In the town where I grew up, homosexuality was kind of a ‘non-issue.’ Nobody asked, and nobody told. Since I’ve been at Penn State, I have been exposed to a community that, until now, I wasn’t aware of. From my experiences in the last several years, I have come to believe that all men (and women) are truly created equal.
I remember being at the Coming Out Day rally last year, listening to different LGBTQ people from the audience come up and speak. One woman went up and talked about her recent marriage to her partner of 15 years. Though her marriage is not officially recognized by our government, I can assure you that it doesn’t mean anything less to her. At the end of her speech, she held her left hand high in the air to show her wedding ring, in a gesture of defiance to the great state of Pennsylvania, and our nation as a whole.

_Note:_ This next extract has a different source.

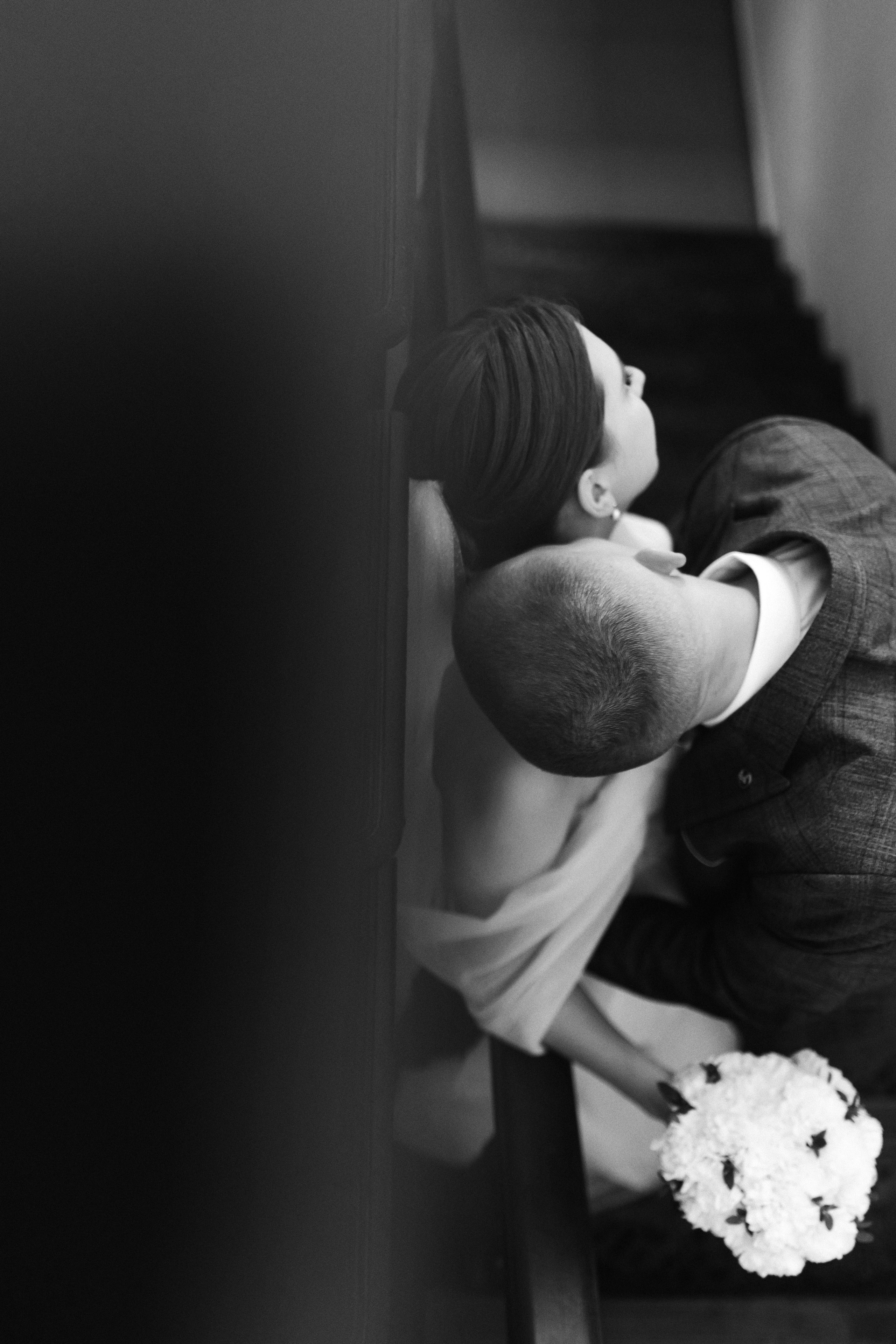 АЛИНА & ДАНИИЛ ` 12.07.24. Maria Startseva Photo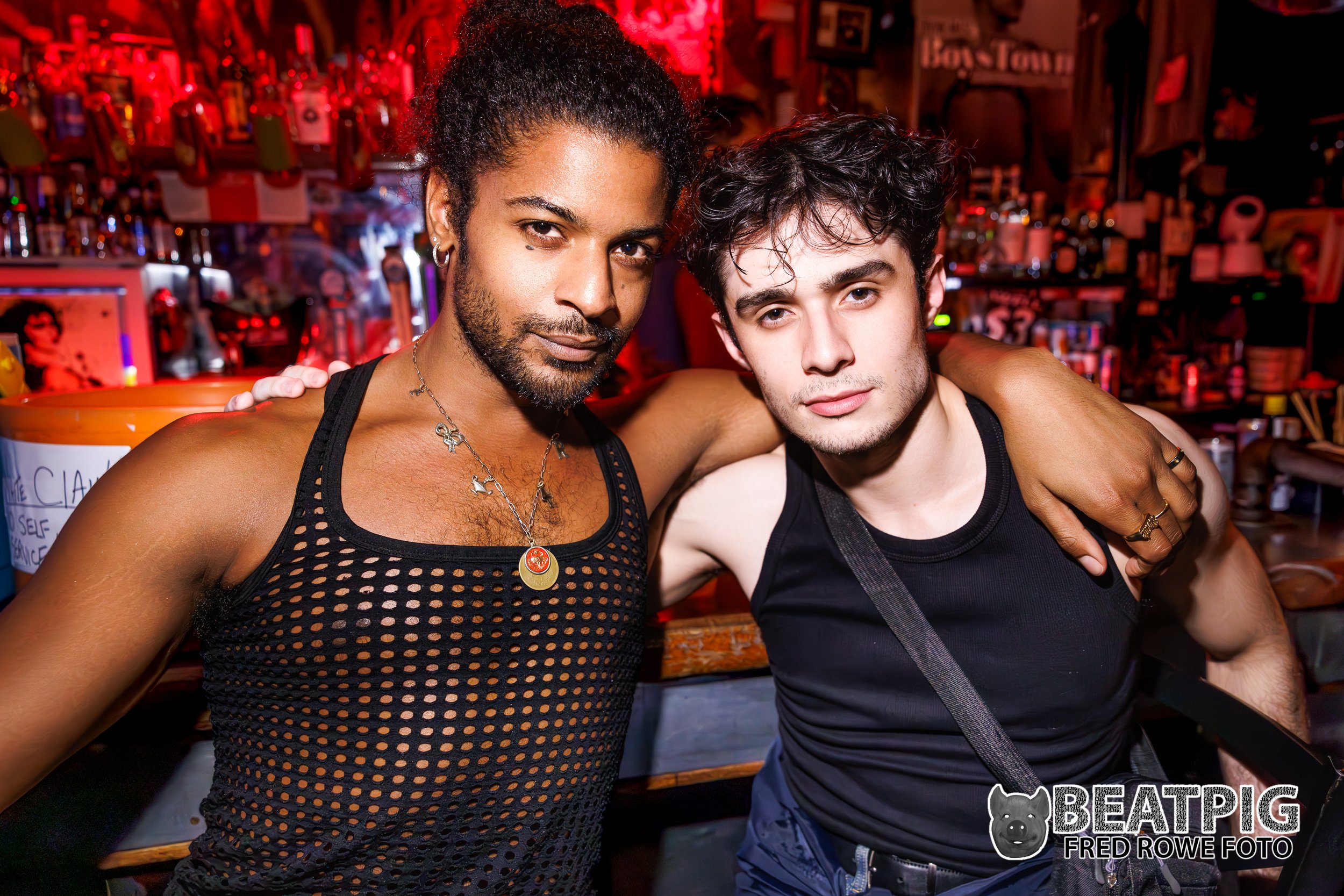 Beatpig1025-34.jpg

I honestly believe that if every person who preached that homosexual marriage is “immoral” had a relative or close friend who was a homosexual, gay marriage simply wouldn’t be an issue. The reason why so many people are accepting of this blatant, everyday prejudice is because they are removed from it, the same way one can dismiss hardships in a foreign country. Nothing opens up your eyes like seeing a person that you care about ridiculed simply for being who they are.
What ever happened to “judge not, lest ye be judged”? I don’t understand how two men or two women in love and wanting to marry affect so-called ‘traditional’ heterosexual couples who want to get married. Since when is separate (civil unions) equal (to marriage)? I think we’ve been over this before.
I don’t think that love can be classified as ‘good’ or ‘bad,’ ‘appropriate’ or ‘inappropriate,’ based on gender. I believe that love is more important than gender. I believe that it is only a matter of time. I also believe that in twenty years, people will look back on this debate as we look back on interracial marriage now, wondering why it was ever such a big deal.
I don’t presume to think I can change your mind, if you disagree with me. I would, however, like for you to think seriously about the issue for a moment. What if homosexuality was the norm, and a man being attracted to a woman, or vice versa, was the minority? Consider that thought when you see gay couples fighting to have their relationships recognized.